Wie denken die monotheistischen Religionen über Abtreibung?


Der Berliner Podcast „331 – 3 Frauen, 3 Religionen, 1 Thema“ dient dem interreligiösen Austausch. Wir haben dort nachgefragt: Ist Abtreibung eine Sünde?

Antonia Groß, Maxi Beigang | Berliner Zeitung

In den USA kam es zu Protesten, als Anfang Mai Pläne bekannt wurden, das Recht auf Abtreibung wieder abzuschaffen. IMAGO/Karla Cot

Ob Schwangerschaftsabbrüche weiterhin kriminalisiert werden sollen oder nicht, darüber streiten nicht nur Feministinnen und Politiker. Die Debatte wird immer wieder auch von religiösen Fundamentalistinnen und Fundamentalisten angeheizt. Doch was sagen eigentlich Vertreterinnen der drei monotheistischen Weltreligionen selbst? Im Rahmen unserer Serie zu Schwangerschaftsabbrüchen haben wir bei der Jüdin Rebecca Rogowski, der Christin Maike Schöfer und der Muslima Kübra Dalkılıç nachgefragt. Die drei Frauen betreiben den interreligiösen Podcast „331 – drei Frauen, drei Religionen, ein Thema“ herausgegeben vom Berliner House of One.

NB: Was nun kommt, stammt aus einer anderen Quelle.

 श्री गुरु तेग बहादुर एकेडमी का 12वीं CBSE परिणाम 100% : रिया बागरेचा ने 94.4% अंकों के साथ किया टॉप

Berliner Zeitung: Sofort auf den Punkt gefragt: Ist das Streben nach reproduktiver Selbstbestimmung eine Sünde?

Rebecca Rogowski: Das Judentum kennt zwar Überschreitungen und Verbote, den Begriff der Sünde gibt es aber nicht. Wir haben auch keine Erbsünde, das ist ein christliches Prinzip. Im Judentum hat die schwangere Person ein Selbstbestimmungsrecht.

Maike Schöfer: Nein, es ist keine Sünde. Insbesondere nicht in der protestantischen Konfession, die die eigene Gewissensentscheidung vor Gott betont. Ich finde nicht, dass Kirche oder andere Christ:innen sagen dürfen, dass das Sünde ist.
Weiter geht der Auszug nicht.